### Problem statement
Take the entries below and reproduce exactly the portion that begins at the line containing "Alba Bianca Near" and ends at the line containing "Used 2019 Jeep", keeping both ends, dropping pictures, and adding nothing else.

### Data supplied

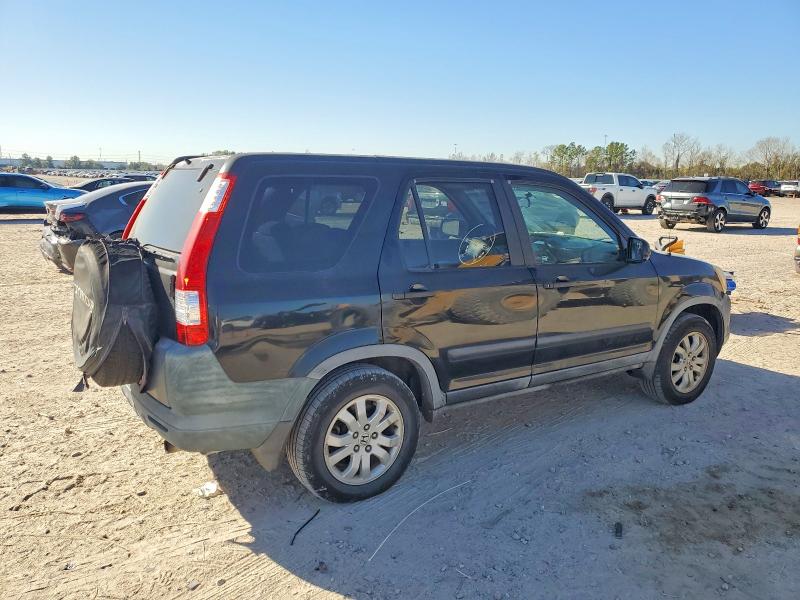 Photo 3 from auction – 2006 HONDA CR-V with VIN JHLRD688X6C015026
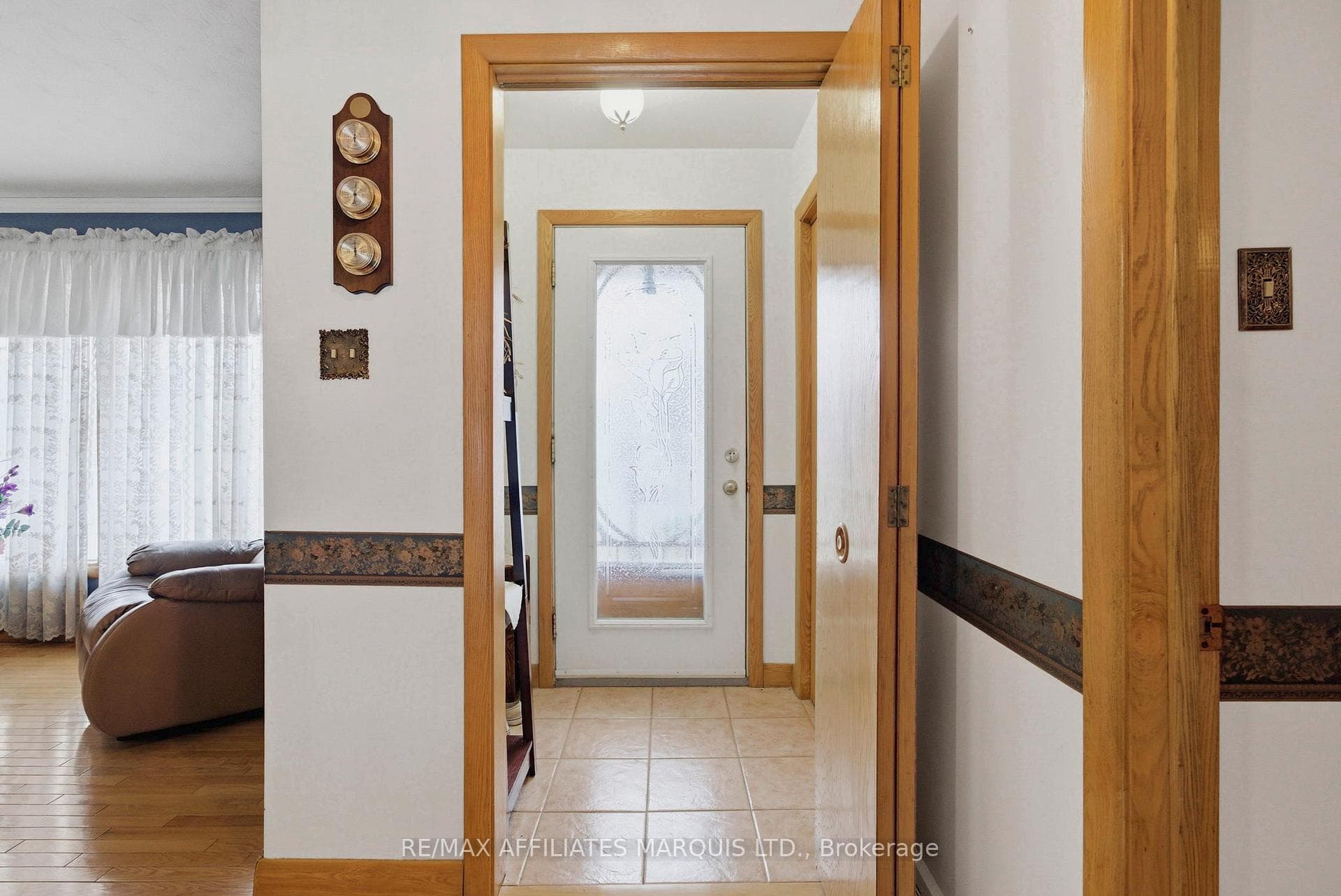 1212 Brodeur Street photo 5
==
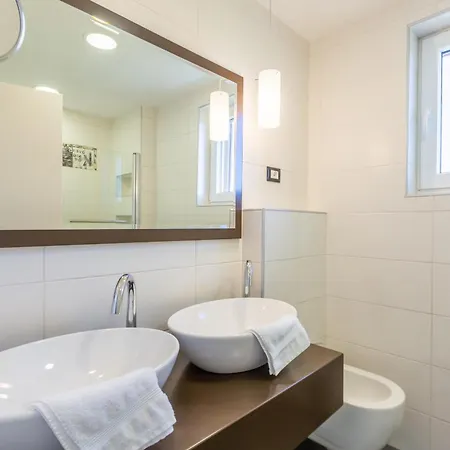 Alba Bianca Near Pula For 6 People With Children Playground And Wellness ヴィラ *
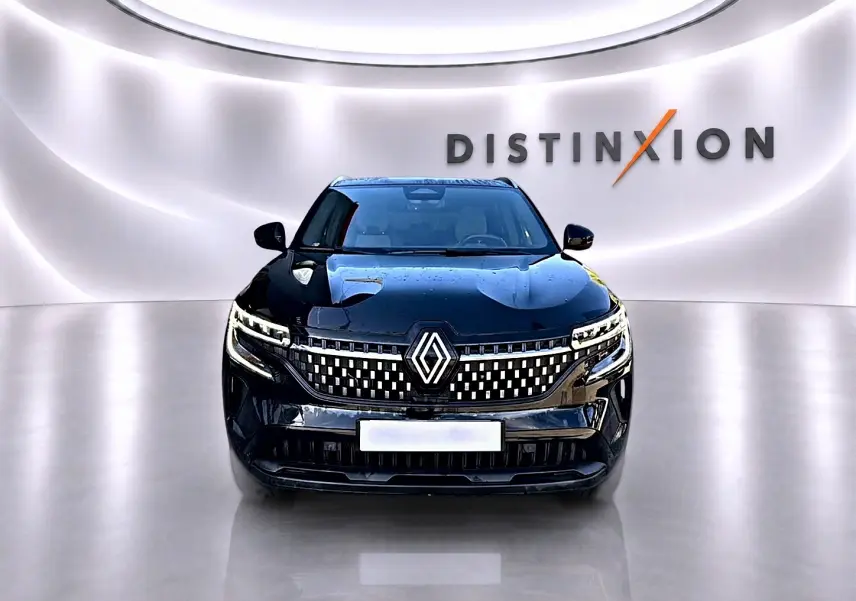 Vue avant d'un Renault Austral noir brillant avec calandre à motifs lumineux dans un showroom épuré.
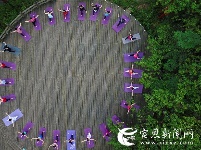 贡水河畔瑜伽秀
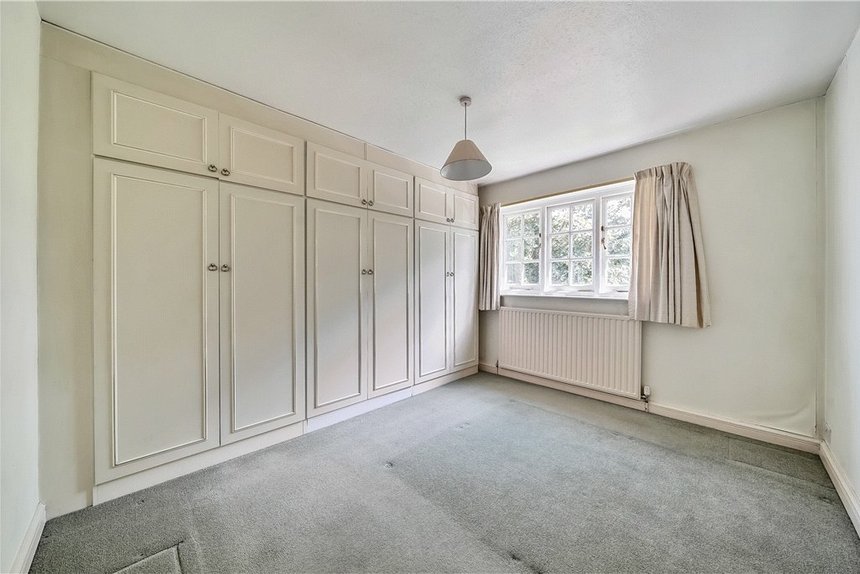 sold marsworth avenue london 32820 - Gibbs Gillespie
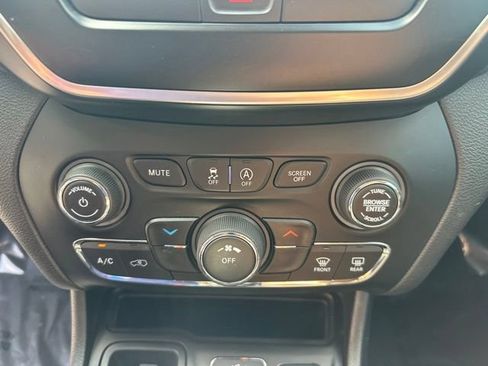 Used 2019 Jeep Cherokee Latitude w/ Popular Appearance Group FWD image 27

### Output for this task
 Alba Bianca Near Pula For 6 People With Children Playground And Wellness ヴィラ *
 Vue avant d'un Renault Austral noir brillant avec calandre à motifs lumineux dans un showroom épuré.
 贡水河畔瑜伽秀
 sold marsworth avenue london 32820 - Gibbs Gillespie
 Used 2019 Jeep Cherokee Latitude w/ Popular Appearance Group FWD image 27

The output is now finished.